Short descriptive text snippets
__________

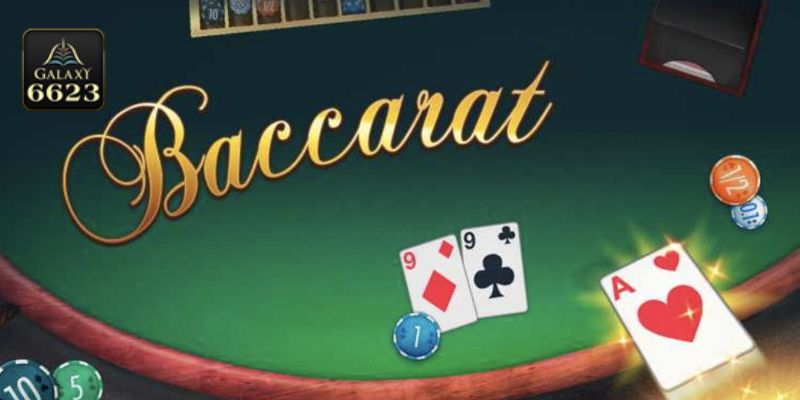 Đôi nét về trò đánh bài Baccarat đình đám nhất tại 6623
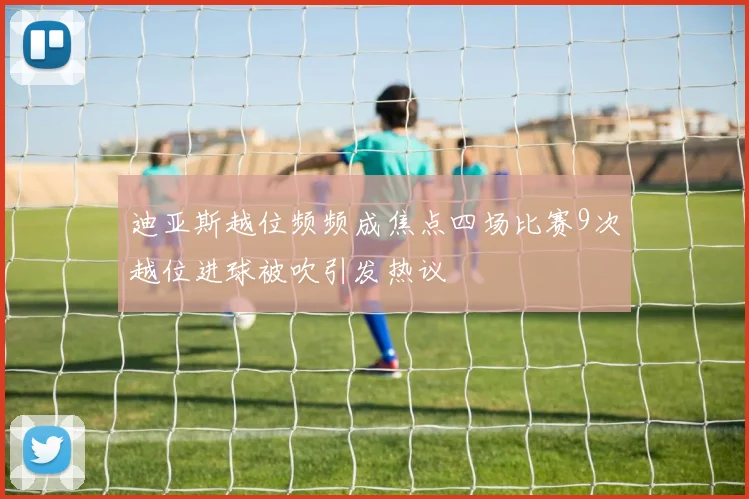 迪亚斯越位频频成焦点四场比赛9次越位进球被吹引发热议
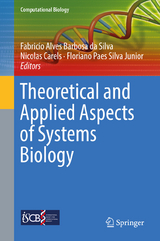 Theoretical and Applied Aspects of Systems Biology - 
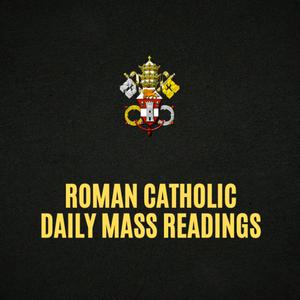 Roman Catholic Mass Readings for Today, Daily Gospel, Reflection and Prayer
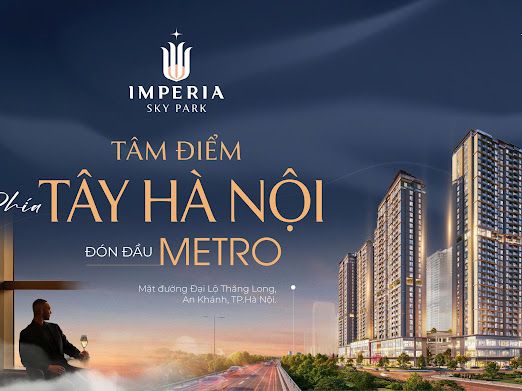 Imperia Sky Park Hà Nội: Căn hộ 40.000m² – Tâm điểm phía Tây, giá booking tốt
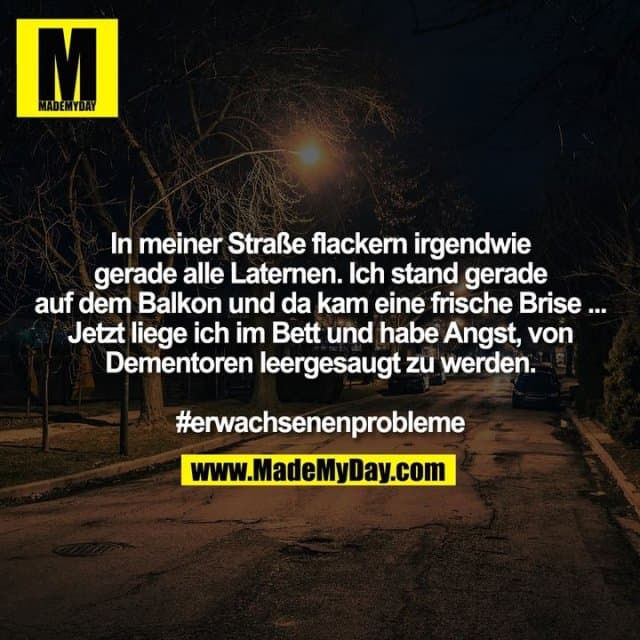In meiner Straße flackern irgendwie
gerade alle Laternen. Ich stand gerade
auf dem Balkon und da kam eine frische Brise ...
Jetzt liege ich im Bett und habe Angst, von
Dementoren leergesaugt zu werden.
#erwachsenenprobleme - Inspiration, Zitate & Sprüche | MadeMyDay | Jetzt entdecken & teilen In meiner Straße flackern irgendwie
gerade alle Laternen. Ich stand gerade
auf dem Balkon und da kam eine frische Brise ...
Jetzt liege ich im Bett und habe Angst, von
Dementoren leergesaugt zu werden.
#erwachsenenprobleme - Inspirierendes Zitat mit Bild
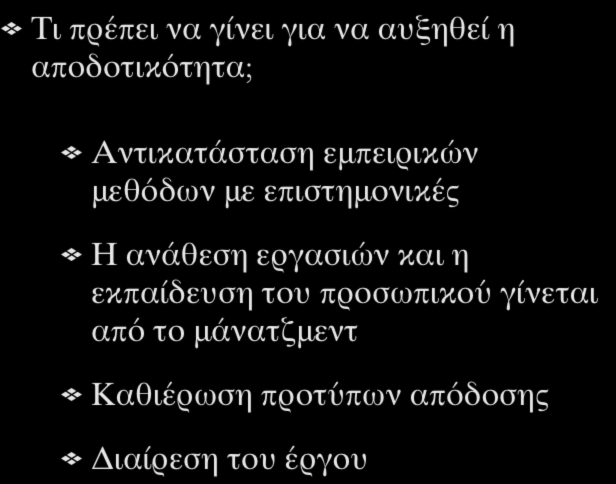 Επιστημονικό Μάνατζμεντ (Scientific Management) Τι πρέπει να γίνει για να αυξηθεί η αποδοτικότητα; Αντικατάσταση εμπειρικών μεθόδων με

__________

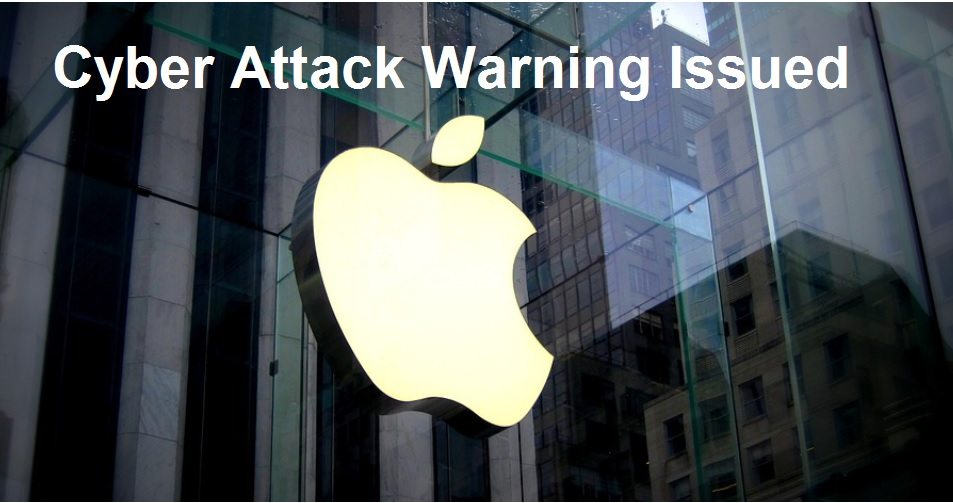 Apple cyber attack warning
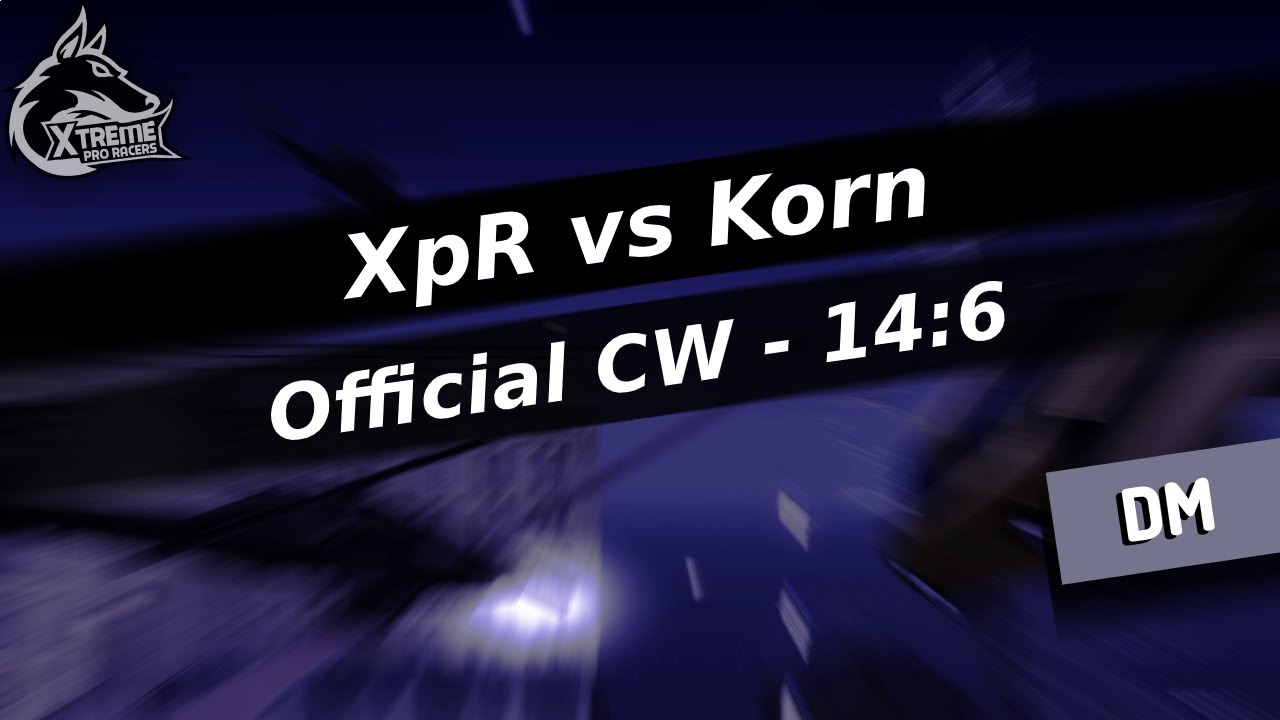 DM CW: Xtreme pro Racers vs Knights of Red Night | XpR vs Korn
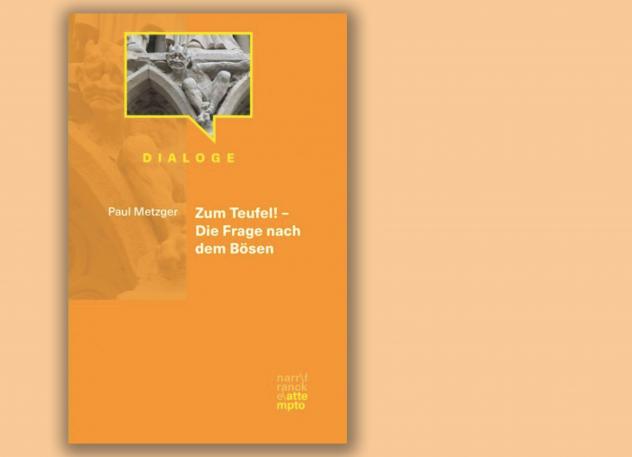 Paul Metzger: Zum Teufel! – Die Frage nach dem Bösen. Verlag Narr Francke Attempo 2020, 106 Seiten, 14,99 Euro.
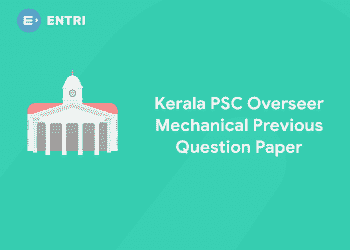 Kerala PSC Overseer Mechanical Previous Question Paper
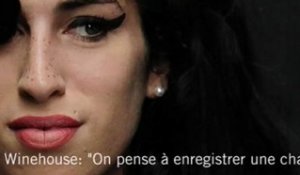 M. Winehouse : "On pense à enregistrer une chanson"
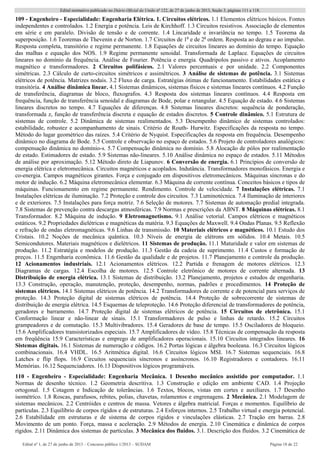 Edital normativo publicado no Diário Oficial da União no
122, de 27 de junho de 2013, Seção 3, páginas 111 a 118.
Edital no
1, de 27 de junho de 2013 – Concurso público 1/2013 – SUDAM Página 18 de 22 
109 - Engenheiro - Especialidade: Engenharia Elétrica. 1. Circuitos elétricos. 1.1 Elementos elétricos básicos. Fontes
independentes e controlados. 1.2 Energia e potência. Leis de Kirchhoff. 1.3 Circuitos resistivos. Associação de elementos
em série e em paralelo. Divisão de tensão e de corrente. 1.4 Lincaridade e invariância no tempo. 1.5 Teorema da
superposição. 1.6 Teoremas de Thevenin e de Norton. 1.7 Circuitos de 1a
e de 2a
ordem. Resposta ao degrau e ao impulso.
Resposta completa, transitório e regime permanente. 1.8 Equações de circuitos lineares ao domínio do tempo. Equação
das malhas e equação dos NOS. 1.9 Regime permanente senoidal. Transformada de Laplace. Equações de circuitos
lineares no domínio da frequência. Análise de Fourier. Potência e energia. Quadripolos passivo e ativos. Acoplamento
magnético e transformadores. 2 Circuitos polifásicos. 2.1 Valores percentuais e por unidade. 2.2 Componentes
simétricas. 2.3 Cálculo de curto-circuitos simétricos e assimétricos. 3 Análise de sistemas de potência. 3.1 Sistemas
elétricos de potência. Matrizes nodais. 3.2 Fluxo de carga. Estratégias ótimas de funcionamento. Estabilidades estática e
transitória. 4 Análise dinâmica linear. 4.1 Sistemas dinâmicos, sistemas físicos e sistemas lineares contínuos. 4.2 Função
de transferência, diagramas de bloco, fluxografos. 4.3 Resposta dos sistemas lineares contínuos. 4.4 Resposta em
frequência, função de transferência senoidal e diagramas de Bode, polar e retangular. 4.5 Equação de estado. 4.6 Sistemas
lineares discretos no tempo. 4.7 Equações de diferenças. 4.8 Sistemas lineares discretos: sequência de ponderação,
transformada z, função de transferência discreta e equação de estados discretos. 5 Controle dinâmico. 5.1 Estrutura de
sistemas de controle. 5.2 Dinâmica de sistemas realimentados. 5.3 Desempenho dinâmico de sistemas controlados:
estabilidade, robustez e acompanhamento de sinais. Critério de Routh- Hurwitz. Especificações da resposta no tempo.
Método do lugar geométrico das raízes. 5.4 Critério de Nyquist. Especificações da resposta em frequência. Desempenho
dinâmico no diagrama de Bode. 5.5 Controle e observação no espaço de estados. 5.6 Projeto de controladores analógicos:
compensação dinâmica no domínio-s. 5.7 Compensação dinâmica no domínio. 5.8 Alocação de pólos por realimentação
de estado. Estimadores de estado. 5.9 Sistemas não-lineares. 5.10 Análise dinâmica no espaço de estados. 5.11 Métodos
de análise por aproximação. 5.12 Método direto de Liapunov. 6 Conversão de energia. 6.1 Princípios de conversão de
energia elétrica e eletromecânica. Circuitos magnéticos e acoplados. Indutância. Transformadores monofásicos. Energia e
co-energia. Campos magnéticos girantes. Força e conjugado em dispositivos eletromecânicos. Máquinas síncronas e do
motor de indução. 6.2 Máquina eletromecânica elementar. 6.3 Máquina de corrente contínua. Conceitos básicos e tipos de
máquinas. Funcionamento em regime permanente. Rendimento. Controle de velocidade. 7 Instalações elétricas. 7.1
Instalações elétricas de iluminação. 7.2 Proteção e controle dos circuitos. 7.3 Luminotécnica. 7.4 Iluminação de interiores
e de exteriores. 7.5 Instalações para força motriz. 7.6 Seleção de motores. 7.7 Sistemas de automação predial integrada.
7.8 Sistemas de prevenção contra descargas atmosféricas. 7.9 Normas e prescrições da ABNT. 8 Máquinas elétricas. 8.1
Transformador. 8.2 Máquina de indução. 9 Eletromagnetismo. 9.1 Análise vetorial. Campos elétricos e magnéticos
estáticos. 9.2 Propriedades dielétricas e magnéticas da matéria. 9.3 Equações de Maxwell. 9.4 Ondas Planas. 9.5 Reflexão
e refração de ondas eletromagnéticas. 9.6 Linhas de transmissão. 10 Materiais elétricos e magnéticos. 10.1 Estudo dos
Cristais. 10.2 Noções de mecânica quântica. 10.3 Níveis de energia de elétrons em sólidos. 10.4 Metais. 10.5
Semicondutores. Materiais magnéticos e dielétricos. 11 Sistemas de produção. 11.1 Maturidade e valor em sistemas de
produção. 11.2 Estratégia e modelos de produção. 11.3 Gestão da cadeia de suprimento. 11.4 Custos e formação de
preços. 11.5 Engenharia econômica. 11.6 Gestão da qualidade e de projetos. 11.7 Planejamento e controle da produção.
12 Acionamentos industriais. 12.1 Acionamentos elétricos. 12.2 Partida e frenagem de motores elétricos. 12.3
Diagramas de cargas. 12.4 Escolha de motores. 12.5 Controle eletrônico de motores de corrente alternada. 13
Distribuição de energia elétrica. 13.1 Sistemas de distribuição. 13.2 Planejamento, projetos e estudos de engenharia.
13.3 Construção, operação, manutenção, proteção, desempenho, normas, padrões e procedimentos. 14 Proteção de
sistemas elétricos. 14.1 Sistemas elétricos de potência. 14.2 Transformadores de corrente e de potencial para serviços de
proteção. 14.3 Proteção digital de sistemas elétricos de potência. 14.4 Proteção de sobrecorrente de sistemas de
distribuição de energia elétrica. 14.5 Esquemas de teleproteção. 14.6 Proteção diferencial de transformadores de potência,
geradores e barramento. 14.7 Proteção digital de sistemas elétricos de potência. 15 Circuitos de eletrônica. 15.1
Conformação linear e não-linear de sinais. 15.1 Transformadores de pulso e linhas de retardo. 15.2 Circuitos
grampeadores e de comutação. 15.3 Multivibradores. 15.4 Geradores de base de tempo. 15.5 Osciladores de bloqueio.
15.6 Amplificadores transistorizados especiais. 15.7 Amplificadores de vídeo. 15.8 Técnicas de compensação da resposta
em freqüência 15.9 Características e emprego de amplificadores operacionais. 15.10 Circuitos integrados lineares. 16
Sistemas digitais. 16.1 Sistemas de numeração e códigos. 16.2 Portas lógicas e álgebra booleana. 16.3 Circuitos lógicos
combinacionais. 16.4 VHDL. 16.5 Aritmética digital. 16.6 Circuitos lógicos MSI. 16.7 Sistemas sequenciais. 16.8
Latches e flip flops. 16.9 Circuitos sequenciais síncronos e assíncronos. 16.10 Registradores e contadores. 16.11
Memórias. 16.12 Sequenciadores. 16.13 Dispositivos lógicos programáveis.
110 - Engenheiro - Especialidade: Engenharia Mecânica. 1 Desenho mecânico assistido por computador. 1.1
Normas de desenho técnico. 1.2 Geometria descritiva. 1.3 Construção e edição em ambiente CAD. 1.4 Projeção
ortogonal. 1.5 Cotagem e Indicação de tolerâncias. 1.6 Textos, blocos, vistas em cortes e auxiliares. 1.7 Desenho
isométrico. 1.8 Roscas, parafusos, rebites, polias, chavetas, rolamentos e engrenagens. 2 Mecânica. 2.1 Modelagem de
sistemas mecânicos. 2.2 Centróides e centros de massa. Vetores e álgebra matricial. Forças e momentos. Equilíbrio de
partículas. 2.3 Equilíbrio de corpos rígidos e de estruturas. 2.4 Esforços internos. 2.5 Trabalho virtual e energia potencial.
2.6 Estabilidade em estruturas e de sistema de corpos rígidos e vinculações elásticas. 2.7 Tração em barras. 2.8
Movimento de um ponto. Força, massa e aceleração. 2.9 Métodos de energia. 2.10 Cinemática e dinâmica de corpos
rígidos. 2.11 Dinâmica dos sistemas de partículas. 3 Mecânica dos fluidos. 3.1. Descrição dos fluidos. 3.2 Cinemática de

__________

» Work instructions:
Look above for the line with "Đôi nét về trò"; quote it and every line after it, stopping after the line with "Επιστημονικό Μάνατζμεντ (Scientific", exactly, with nothing added and without pictures.

» Solution to this exercise:
 Đôi nét về trò đánh bài Baccarat đình đám nhất tại 6623
 迪亚斯越位频频成焦点四场比赛9次越位进球被吹引发热议
 Theoretical and Applied Aspects of Systems Biology - 
 Roman Catholic Mass Readings for Today, Daily Gospel, Reflection and Prayer
 Imperia Sky Park Hà Nội: Căn hộ 40.000m² – Tâm điểm phía Tây, giá booking tốt
In meiner Straße flackern irgendwie
gerade alle Laternen. Ich stand gerade
auf dem Balkon und da kam eine frische Brise ...
Jetzt liege ich im Bett und habe Angst, von
Dementoren leergesaugt zu werden.
#erwachsenenprobleme - Inspiration, Zitate & Sprüche | MadeMyDay | Jetzt entdecken & teilen In meiner Straße flackern irgendwie
gerade alle Laternen. Ich stand gerade
auf dem Balkon und da kam eine frische Brise ...
Jetzt liege ich im Bett und habe Angst, von
Dementoren leergesaugt zu werden.
#erwachsenenprobleme - Inspirierendes Zitat mit Bild
 Επιστημονικό Μάνατζμεντ (Scientific Management) Τι πρέπει να γίνει για να αυξηθεί η αποδοτικότητα; Αντικατάσταση εμπειρικών μεθόδων με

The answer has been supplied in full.